Start of Recorded data
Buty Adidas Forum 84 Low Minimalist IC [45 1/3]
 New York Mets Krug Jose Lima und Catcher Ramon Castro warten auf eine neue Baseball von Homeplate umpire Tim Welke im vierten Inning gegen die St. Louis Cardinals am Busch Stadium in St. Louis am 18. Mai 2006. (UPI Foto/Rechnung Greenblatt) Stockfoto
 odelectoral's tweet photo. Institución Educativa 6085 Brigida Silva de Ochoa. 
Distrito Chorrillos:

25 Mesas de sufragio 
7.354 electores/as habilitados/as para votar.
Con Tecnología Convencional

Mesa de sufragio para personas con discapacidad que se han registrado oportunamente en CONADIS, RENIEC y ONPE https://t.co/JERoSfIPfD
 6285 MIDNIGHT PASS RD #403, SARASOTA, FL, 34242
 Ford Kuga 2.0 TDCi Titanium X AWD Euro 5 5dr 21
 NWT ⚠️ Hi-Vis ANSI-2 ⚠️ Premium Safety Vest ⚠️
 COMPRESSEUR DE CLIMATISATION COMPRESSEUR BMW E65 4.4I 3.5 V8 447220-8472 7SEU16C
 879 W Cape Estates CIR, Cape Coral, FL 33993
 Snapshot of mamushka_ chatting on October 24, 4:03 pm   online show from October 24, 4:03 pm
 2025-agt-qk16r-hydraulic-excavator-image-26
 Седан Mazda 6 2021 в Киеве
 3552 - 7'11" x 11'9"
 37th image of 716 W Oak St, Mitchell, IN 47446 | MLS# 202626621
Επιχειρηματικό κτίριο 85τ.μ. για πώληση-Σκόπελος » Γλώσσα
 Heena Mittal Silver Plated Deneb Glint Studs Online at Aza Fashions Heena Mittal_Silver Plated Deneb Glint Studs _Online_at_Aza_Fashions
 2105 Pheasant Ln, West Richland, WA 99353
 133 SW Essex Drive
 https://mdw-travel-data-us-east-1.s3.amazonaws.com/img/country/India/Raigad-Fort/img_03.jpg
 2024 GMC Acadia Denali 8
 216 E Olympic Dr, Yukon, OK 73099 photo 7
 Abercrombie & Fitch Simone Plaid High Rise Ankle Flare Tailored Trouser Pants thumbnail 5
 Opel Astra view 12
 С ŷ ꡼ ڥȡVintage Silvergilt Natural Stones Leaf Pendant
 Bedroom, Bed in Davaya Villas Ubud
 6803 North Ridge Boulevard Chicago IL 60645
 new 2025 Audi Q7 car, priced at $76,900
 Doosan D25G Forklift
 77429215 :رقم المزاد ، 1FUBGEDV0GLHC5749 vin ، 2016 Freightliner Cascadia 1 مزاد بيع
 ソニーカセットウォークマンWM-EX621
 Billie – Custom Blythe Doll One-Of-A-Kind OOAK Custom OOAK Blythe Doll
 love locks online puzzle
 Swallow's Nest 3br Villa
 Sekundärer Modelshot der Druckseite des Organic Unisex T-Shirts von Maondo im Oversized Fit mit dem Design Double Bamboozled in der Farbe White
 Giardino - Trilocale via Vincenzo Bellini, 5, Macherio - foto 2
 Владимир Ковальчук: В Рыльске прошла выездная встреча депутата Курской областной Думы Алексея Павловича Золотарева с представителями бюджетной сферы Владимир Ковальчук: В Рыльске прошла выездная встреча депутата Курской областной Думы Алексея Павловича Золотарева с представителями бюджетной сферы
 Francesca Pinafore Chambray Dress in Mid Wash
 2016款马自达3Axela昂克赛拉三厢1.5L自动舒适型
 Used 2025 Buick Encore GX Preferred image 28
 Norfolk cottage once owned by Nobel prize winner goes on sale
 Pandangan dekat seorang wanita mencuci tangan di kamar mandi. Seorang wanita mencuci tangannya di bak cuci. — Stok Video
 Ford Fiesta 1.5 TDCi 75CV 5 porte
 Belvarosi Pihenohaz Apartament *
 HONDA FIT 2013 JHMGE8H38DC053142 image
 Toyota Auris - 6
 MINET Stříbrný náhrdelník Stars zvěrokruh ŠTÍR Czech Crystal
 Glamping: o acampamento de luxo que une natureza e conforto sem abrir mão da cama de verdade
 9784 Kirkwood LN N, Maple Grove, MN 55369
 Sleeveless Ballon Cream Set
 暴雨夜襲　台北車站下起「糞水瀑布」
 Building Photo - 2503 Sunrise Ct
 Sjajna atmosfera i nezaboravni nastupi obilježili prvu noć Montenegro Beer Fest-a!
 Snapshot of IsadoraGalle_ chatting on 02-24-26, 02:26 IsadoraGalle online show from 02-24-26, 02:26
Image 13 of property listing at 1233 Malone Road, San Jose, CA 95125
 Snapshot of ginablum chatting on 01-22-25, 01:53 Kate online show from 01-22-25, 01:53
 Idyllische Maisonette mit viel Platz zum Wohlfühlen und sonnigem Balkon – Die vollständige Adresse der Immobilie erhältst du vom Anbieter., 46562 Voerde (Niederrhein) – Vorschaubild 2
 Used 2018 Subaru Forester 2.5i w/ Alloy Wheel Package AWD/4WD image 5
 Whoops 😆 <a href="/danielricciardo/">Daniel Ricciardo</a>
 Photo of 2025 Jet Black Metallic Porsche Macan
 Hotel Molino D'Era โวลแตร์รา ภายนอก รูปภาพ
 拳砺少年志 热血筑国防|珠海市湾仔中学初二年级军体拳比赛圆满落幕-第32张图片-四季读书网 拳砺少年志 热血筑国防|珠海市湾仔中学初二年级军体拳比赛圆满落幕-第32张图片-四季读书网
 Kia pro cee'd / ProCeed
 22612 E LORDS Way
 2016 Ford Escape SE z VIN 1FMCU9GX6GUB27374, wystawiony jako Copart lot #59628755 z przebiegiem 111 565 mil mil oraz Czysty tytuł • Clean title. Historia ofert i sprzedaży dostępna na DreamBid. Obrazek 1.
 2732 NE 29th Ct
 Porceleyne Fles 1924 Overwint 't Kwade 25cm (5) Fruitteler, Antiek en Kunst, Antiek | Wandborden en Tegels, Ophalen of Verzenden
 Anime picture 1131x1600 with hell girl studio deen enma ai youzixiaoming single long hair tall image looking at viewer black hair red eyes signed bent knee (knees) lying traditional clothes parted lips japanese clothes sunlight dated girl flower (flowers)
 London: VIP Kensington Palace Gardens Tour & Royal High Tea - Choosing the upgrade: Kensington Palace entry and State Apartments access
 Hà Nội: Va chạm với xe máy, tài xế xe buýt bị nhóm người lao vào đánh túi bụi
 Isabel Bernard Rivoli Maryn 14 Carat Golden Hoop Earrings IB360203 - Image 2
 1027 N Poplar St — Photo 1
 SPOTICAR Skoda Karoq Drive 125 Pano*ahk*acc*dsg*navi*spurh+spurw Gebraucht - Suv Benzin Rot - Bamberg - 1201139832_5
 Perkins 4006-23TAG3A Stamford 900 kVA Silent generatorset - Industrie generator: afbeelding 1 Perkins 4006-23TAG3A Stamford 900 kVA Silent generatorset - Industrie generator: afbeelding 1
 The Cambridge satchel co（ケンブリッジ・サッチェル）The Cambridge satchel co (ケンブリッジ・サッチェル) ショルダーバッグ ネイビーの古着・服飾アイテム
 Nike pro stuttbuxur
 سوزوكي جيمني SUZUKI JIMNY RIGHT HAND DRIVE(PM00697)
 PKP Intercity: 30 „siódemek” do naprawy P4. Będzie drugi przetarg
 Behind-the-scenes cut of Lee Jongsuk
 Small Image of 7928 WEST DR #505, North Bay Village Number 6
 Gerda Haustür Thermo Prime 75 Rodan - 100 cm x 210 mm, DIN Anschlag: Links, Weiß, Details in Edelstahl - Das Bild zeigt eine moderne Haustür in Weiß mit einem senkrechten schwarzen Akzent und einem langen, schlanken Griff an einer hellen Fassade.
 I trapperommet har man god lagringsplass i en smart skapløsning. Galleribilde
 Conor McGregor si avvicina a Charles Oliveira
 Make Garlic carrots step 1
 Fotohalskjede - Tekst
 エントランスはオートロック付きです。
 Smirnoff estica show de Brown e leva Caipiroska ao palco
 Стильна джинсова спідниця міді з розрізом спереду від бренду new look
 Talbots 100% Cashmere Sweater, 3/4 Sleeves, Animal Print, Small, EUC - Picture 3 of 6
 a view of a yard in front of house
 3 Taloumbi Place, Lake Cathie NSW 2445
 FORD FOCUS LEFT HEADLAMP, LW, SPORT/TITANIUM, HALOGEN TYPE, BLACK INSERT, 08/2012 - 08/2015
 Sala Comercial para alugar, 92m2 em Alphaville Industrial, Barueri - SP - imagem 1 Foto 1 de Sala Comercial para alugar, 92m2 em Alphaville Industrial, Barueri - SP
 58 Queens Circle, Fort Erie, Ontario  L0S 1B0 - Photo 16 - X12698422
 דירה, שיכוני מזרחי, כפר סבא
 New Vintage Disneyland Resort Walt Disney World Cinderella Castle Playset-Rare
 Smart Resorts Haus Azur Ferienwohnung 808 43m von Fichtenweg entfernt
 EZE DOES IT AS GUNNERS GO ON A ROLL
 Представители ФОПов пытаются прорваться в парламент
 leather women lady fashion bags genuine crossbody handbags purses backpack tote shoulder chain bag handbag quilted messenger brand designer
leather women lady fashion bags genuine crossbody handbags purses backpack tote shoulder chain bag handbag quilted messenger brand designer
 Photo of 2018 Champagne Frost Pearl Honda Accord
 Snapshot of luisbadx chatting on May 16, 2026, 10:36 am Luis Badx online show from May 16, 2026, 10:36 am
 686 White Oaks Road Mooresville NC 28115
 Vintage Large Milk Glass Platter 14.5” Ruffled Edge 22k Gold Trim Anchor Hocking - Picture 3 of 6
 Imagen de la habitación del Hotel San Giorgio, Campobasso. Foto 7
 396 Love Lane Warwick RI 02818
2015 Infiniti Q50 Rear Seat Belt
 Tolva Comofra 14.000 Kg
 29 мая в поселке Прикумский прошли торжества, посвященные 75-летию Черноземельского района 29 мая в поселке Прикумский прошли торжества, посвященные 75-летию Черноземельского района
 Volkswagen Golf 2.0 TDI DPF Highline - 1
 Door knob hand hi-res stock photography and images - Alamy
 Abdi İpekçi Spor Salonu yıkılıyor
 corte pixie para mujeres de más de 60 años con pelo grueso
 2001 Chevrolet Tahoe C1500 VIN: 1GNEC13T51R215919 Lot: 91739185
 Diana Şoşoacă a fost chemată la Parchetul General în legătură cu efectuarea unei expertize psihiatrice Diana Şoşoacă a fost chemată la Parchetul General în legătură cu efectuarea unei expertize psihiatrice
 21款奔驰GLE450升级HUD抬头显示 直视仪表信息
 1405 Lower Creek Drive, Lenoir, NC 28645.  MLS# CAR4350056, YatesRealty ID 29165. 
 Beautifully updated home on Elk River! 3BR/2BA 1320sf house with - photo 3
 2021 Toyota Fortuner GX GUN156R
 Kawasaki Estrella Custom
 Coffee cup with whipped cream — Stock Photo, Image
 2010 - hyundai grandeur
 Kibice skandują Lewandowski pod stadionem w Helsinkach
End of Recorded data
- Task details
Give back exactly the material above from its opening line to the line bearing "Con Tecnología Convencional".

- Solution for this task
Buty Adidas Forum 84 Low Minimalist IC [45 1/3]
 New York Mets Krug Jose Lima und Catcher Ramon Castro warten auf eine neue Baseball von Homeplate umpire Tim Welke im vierten Inning gegen die St. Louis Cardinals am Busch Stadium in St. Louis am 18. Mai 2006. (UPI Foto/Rechnung Greenblatt) Stockfoto
 odelectoral's tweet photo. Institución Educativa 6085 Brigida Silva de Ochoa. 
Distrito Chorrillos:

25 Mesas de sufragio 
7.354 electores/as habilitados/as para votar.
Con Tecnología Convencional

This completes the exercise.